_Material supplied_:
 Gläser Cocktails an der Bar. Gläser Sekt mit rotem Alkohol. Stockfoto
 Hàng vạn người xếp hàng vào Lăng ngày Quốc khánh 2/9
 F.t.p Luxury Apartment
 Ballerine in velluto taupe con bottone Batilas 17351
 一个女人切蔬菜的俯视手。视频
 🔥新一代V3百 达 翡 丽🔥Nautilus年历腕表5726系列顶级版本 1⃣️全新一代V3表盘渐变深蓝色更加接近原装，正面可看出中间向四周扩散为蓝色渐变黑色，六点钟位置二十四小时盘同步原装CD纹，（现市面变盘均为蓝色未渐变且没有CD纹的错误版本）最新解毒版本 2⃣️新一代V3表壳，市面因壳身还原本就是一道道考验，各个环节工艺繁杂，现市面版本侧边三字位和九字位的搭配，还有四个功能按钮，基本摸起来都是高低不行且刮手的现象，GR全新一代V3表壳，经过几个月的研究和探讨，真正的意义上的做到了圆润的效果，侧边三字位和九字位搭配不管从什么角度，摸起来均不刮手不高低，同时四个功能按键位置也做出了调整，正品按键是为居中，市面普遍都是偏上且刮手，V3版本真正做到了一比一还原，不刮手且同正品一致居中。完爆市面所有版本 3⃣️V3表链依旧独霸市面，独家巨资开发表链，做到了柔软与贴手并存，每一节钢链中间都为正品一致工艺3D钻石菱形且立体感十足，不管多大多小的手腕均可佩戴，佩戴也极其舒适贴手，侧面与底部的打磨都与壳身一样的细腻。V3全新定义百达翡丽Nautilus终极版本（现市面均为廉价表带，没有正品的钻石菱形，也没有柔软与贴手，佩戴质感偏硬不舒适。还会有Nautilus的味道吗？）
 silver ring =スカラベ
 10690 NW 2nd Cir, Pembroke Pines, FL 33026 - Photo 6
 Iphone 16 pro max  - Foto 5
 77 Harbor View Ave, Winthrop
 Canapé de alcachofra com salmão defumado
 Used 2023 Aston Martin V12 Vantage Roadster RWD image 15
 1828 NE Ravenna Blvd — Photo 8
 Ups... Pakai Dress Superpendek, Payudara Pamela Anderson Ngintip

_What the exercise asks_: In the listing, return each line containing the string "Photo".

_Result_:
 10690 NW 2nd Cir, Pembroke Pines, FL 33026 - Photo 6
 1828 NE Ravenna Blvd — Photo 8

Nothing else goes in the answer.